Online petitions show we care or not?

This is a bit of a giggle. A likely lad – allegedly of course- working for an Australian union (themselves historically hotbeds of iniquity) set up a fake page on Facebook concerning Black Lives Matter. Then started asking for donations. So far, so likely lad. But it appears that the fake page is twice as popular as the real one:

A high-ranking Australian union official has been suspended amid reports he ran a fake Black Lives Matter Facebook page that solicited donations from the movement’s supporters.

CNN reports that Ian MacKay – an official with the National Union of Workers – helped set up and run a Facebook page called Black Lives Matter as well as other domain names linked to black rights.

The page, which was removed by Facebook after CNN’s queries, had almost 700,000 followers – more than double the official Black Lives Matter page.

So far just a giggle about a likely lad.

Except this runs smack into that economists’ favourite distinction between expressed preferences and revealed. Or Bryan Caplan’s repeated insistence that votes are cheap – presumably Facebook likes are even cheaper.

The nub here being that it’s damned easy to get people to click on something. He’s rather proved that, hasn’t he?
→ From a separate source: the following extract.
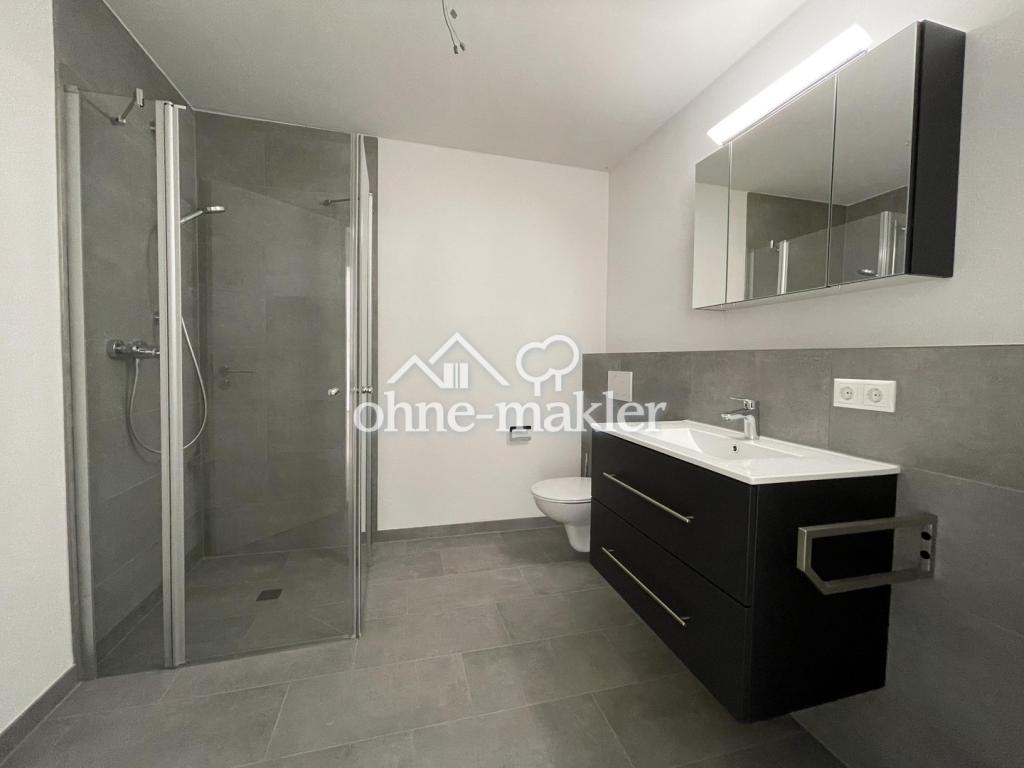 Ansprechende 2-Zimmer-Wohnung mit Balkon & Einbauküche in Unterdietfurt - Photo 2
We can amass large totals, hundreds of thousands, quite simply. Politicians then react – Dear God, that’s hundreds of thousands of votes out there for the taking, people are serious about this! Except, of course, they’re not. The cheapness of those likes means that it’s not actually an interest in something, it’s well, a passing like. Takes a couple of seconds and that’s it.

This leads on to something important for that politics and the general societal doing of things. There’s an element of current thinking which says that a lot of Facebook likes, or a large petition, should be counted as important. As, say, a proper paper based petition would have been decades back. A reflection of a true irruption perhaps. But that cheapness, the liberality with which people spread such likes or online signatures around, means we shouldn’t be placing that importance on these things at all.
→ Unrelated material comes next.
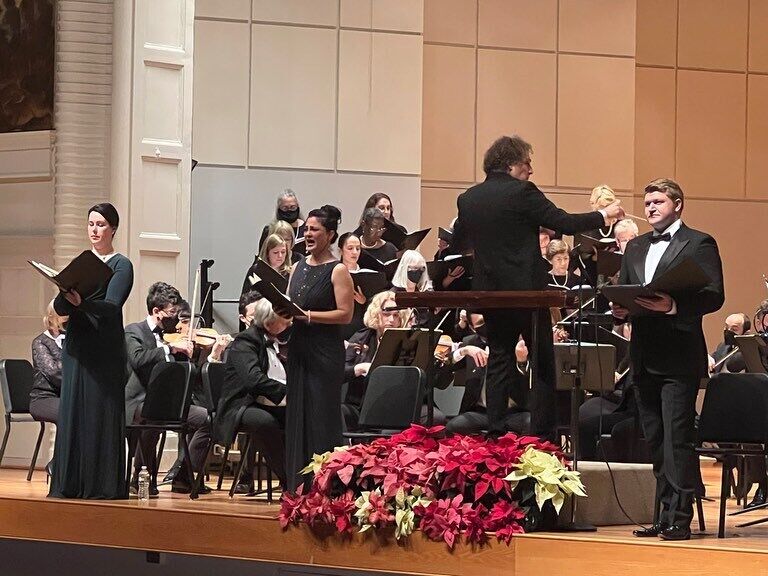 "Вона там така не одна". Переможець "Х-Фактора" Олексій Кузнєцов розповів про свою бабусю, яка принципово говорить українською в Донецьку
It’s thus even more important that we place greater weight upon revealed preferences, what do people actually do, instead of what they find extraordinarily cheap to say as a method of virtue signalling.

This is not, by the way, to pick out Black Lives Matter in this larger point. It is though to say that for many of the things which are thrown at us using the justification of this or that piece of social media, it’s simply not true that millions are concerned. Or not concerned very much at least. Looking at actual behaviour shows that most don’t give the proverbial flying. That’s the bit we should be considering as important, not some fleeting interaction with the Zuckerberg Factory.